# Convert from ports to packages



## linux->bsd (Apr 1, 2018)

`pkg upgrade` will reinstall unlocked ports as packages, and then presumably those packages can be managed (updated) through pkg. However, after upgrading all but a couple of ports to packages, portmaster dies during `portmaster -aR`. I also get the impression that dependency ports aren't converted using `pkg upgrade`, since I don't see things like devel/llvm40 get upgraded during `pkg upgrade`.

So my questions is: how do I convert all of my installed ports (minus a couple of locked ports, due to settings requirements) to packages, and still have a working portmaster?


----------



## talsamon (Apr 1, 2018)

If you mean the recent update of the llvm* ports: The packages are a few days later as the ports on the server. You can create a package either from the port with `make package`, change in the wrksrc directory and install it with `pkg add` or build it with ports-mgmt/poudriere.


----------



## ShelLuser (Apr 1, 2018)

Why would you want to use Portmaster if you're only using binary packages? As its name implies Portmaster is meant to help you with the port building process. So if you're converting your system to using packages then stop using Portmaster and from here on rely on pkg instead.

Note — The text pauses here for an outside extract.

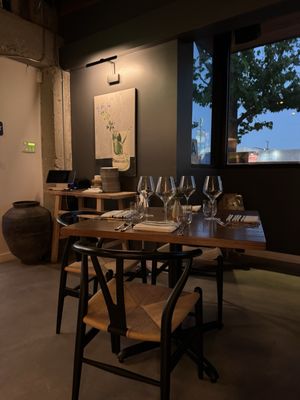 Cellar Hand by null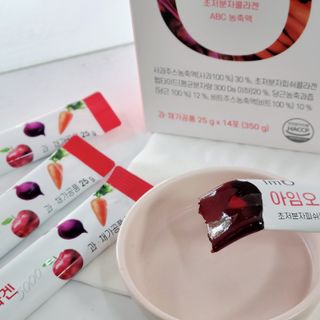 아임오 ABC 콜라겐 젤리 14포 — 5점을 준 리뷰어가 2022년 2월 올린 사용 사진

Also: I _strongly_ recommend not trying to mix ports and packages, because in the end that can easily lead to massive problems on your system. It can work, but it heavily depends on the ports involved, in most cases its plain out a bad idea. This guide maybe a good read on that.

As to devel/llvm40: keep in mind that ports have 2 kinds of dependencies: those for running the software (see `make run-depends-list`) and those for _building_ the software (see `make build-depends-list`). See ports(7) for a full list of those build targets by the way.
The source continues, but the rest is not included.